There are some so-called "trinities" in pagan religions. However, on closer examination, they are not "trinities" at all, but "triads of three gods". The Greek triad of Zeus, Athena, and Apollo, and the Hindu triad of Brahma, Vishnu, and Shiva, bear no resemblance at all to the Biblical Trinity. The Biblical Trinity is not three gods, but one God.




The Trinity was not even the subject of discussion at the Council of Nicea in 325 A.D.! Arius was denying the Deity of Jesus Christ, and was corrected at this Council. The term "trinitas" is first recorded by Tertullian in the second century. Prior to the Council of Nicea we have ample proof that Jesus was regarded as God. Polycarp called Jesus, "Our Lord and God" (The Apostolic Fathers, p.99). Ignatius said, "For our God, Jesus the Christ, was conceived in the womb by Mary" (ibid p. 67). Irenaeus, a student of Polycarp also called Jesus "God". (Ante-Nicene Fathers Vol. 1, p. 330). The teaching that the Nicene creed from the Council originated the Trinity is proven to be false. The Bible teaches the Trinity.



While Christians believe in being baptized, they do not see it as a requirement for salvation. Acts 2:38 is the formula used by the United Pentecostals. "Repent and let each of you be baptized in the name of Jesus Christ for the forgiveness of your sins; and you shall receive the gift of the Holy Spirit." While this Scripture does appear to support their doctrine of remission of sins by baptism, we need to carefully consider its grammatical construction. The word "repent" is in the second person plural. It is a general command to many people -- repent! The next phrase, "and let each of you be baptized in the name of Jesus Christ" is in the third person singular -- an individual command. "for the remission of YOUR sins", is again in the second person plural. Therefore the correct understanding, according to the rules of grammar, is (Everyone) "repent...for the remission of your sins." In other words, the phrase, "for the remission of your sins" is NOT connected to baptism, but to repentance. This agrees with Luke 24:47, "...repentance for forgiveness of sins should be proclaimed in His name to all the nations..."
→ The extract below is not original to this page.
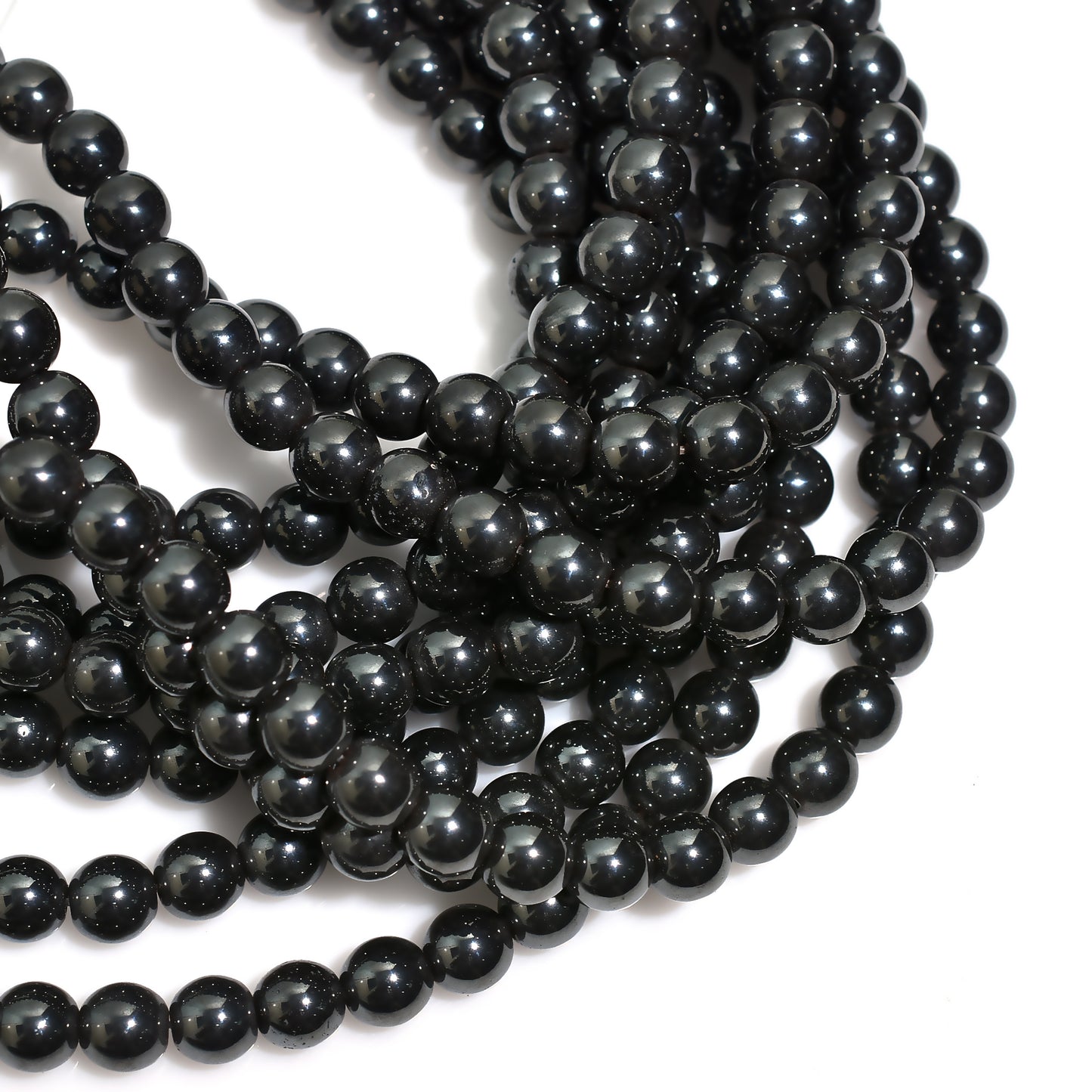 High Polish Finished Gunmetal Round Beads – Metallic Spacer Stone Strand for Jewelry Making,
United Pentecostals also take the phrase from Acts 2:38, " shall receive the gift of the Holy Spirit", to mean that you must speak in tongues to be saved. We would point out that a careful reading of all the accounts of baptism in the New Testament will show that "speaking in tongues" is not a general feature of baptism, nor was baptism referred to as the means of salvation. Tongues is NOT mentioned in many instances where the Holy Spirit was spoken of as indwelling believers. (See Acts 4:31; 8:17-19; 9:17,18; 13:52) Baptism does not save one, and tongues do not save one, GRACE ALONE saves. (Ephesians 2:8,9)



There are many genuinely-saved people among the United Pentecostals, who truly love the Lord. We have no objection to them being baptized in the name of "Jesus only", although this does not comply with the Lord's own instruction to the church in Matthew 28:19. We are disturbed over their denial of the Trinity, and their attitude towards other denominations. We suggest sincere Christians lay aside their "Jesus Only" literature from the United Pentecostal Church and seek through the pages of the Bible for the real truth on doctrine.